I’m not an I/O psychologist (and I don’t even play one on TV), but I work with some of the most respected, Ph.D.-trained I/Os in the country. I focus most of my attention on how our tools help our healthcare clients meet their goals, but occasionally I get to sit in on assessment development meetings with our consultants and researchers and get into the nuts and bolts of assessment. It’s fascinating (if you are into psychoanalytic research and statistics, I suppose) to see them at work, creating or tweaking assessments based on thousands of data points to ensure that we maximize their predictive nature.
This made me think it might be useful to give you a peak behind Oz’s curtain, so to speak, to better understand how a test predicts performance. Just like with the wonderful Oz, it’s not really magic but neither is it smoke and mirrors. As complicated as it can be, sometimes, it’s pretty simple. Our tools are predictive and they are well received by candidates for one reason: We simply ask people how they tend to behave across time, setting, and situation. By doing so, candidates divulge information that either shows them as a good fit or as someone who will be toxic in the environment and ultimately turnover.
A typical screening assessment might consist of 120 questions (“items”), but let’s consider two that are used in some of these tools and how they predict turnover:
1) “I never show up late for work.”
Employees who leave their jobs at our hospital-clients disagree with this item significantly more often than people who stay at their jobs.
2) “How many unscheduled or unexcused absences per year do you think is acceptable?"
People who stay at their jobs our hospital-clients indicate a significantly lower number of unscheduled/unexcused absences are acceptable relative to those who leave their jobs. Further, those who end up being terminated due to job abandonment indicate a much higher number of acceptable unexcused absences.

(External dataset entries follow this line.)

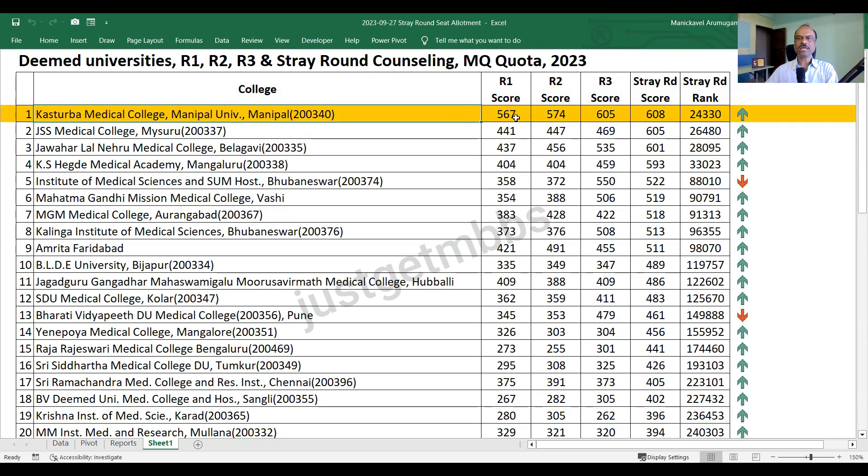In terms of rank, the stray round closing rank was all India rank 24,330. You can see the trend very clearly - every round it has become more and more competitive. In the first round 567 was able to get a seat in KMC Manipal, whereas in round two you needed 574, in round three 605, and in stray round 608. This is the main reason I repeatedly say candidates should focus on getting a seat as early as possible.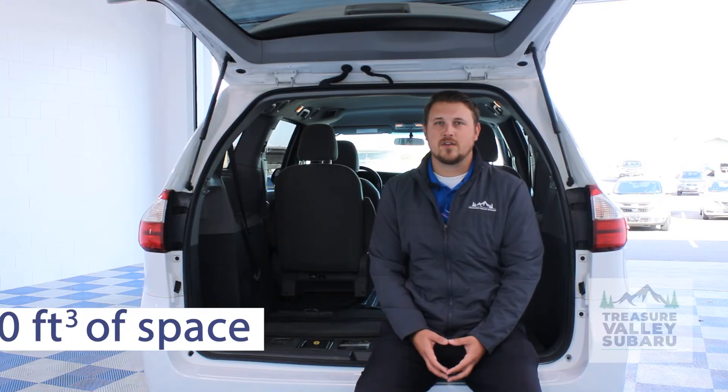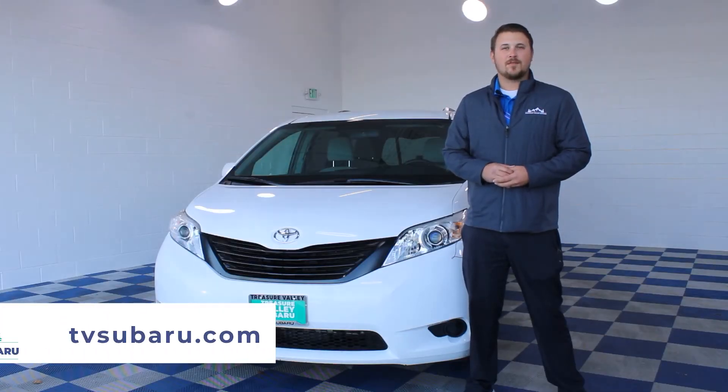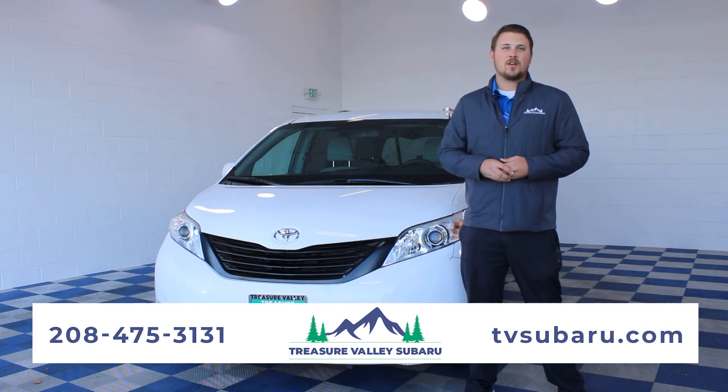This Toyota Sienna has 150 cubic feet of storage space — that's a lot of storage. To see more of our inventory, come visit us at Treasure Valley Subaru, just 17 minutes from downtown Boise right off the connector, or at tvsubaru.com.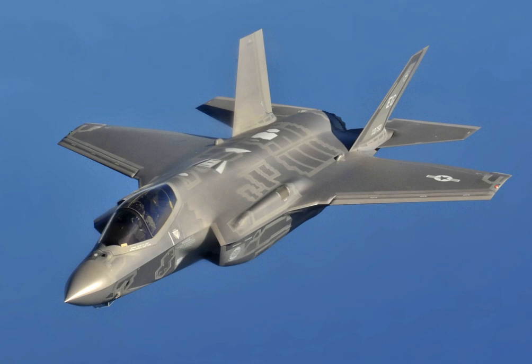The Lockheed Martin F-35 Lightning II is a family of single-seat, single-engine, all-weather stealth multirole fighters. The fifth-generation combat aircraft is designed to perform ground attack and air superiority missions. It has three main models: the F-35A conventional takeoff and landing variant, the F-35B short takeoff and vertical landing variant, and the F-35C carrier-based catapult-assisted takeoff but arrested recovery variant. The F-35 descends from the Lockheed Martin X-35, the winning design of the Joint Strike Fighter program.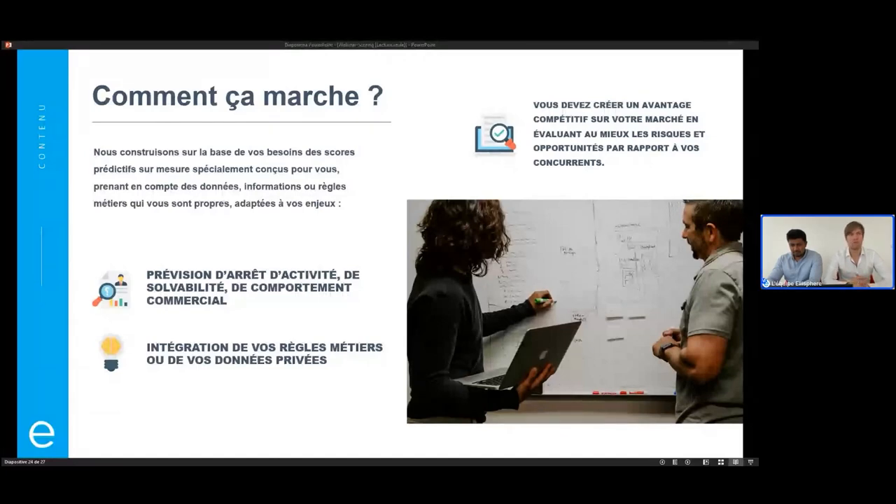C'est le but du score sur mesure : s'adapter vraiment à votre question, mais continuer à s'adapter tout au long du partenariat avec Elisphère. On a vu ensemble les trois grandes typologies de scores que nous avons en interne et qui peuvent permettre de répondre à une pléthore de questions de la part des entreprises.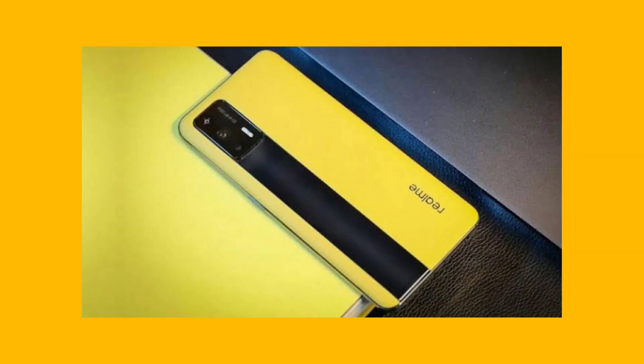Let's talk about Realme. Realme Tech Talks have confirmed that the Realme GT is coming to India.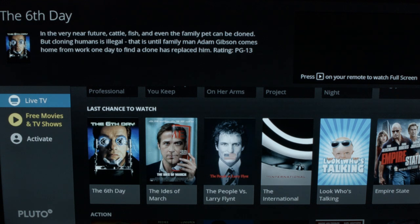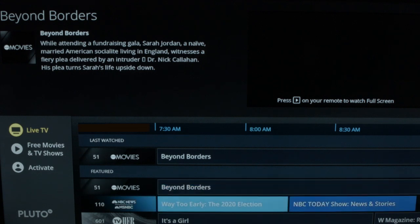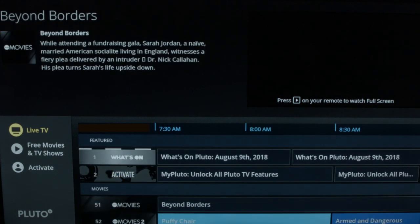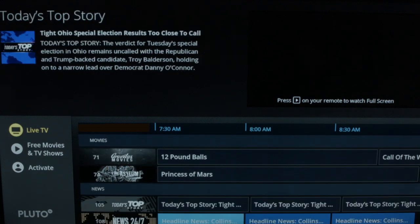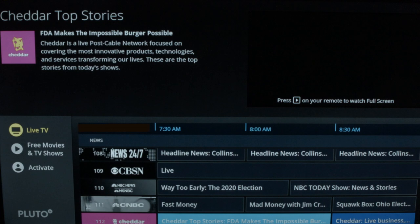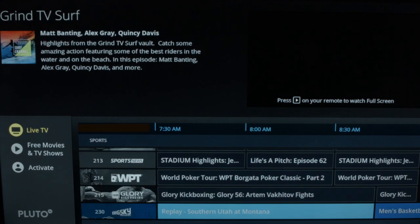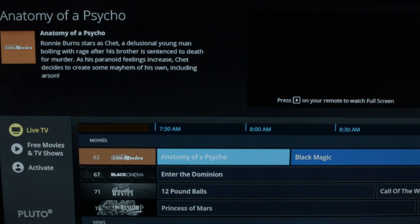The next one up is the Roku channel called Pluto. The main menu on Pluto TV has live TV and then free movies and TV. Going into live TV, you'll see that it categorizes everything for you with a guide. There's a featured area, then a selection of movie channels — probably about seven or eight of them. Then you have news channels going down, including NBC, CBS, and CNBC, and then some sports channels and comedy channels. There are over a hundred channels on here — I did count them, though it probably varies all the time.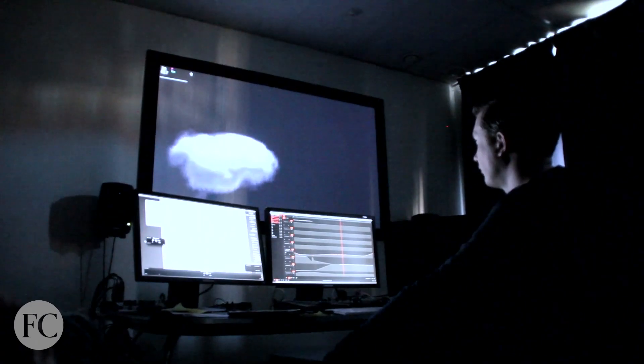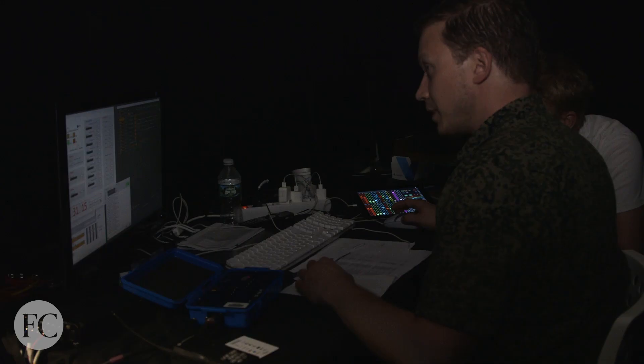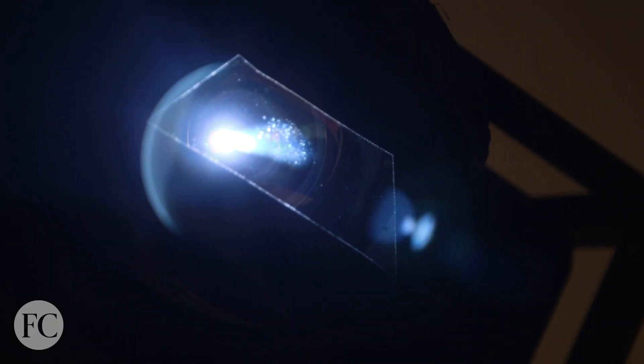How does it create the cloud when you say create the cloud? We have 108 different parameters — it's torque, twist, light, color, density, 4.2 million little dots — and they all go into a computer that obviously has a program that puts them all together, and that's projected on the screen.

These items really are simple and a healthcare hiring assessment can predict future behavior because candidates tell us how they have behaved in similar environments in the past. Now expand this concept to hundreds of items that our research shows are predictive of everything from a person’s level of compassion, degree of adaptability, ability to innovate, or likelihood to be collaborative and patient focused and you have some powerful data.
This sort of data, though, also points out the need to understand what you want/need to measure. It’s why an off-the-shelf test may not work and, in fact, make it less likely that you’ll select for the attributes you seek.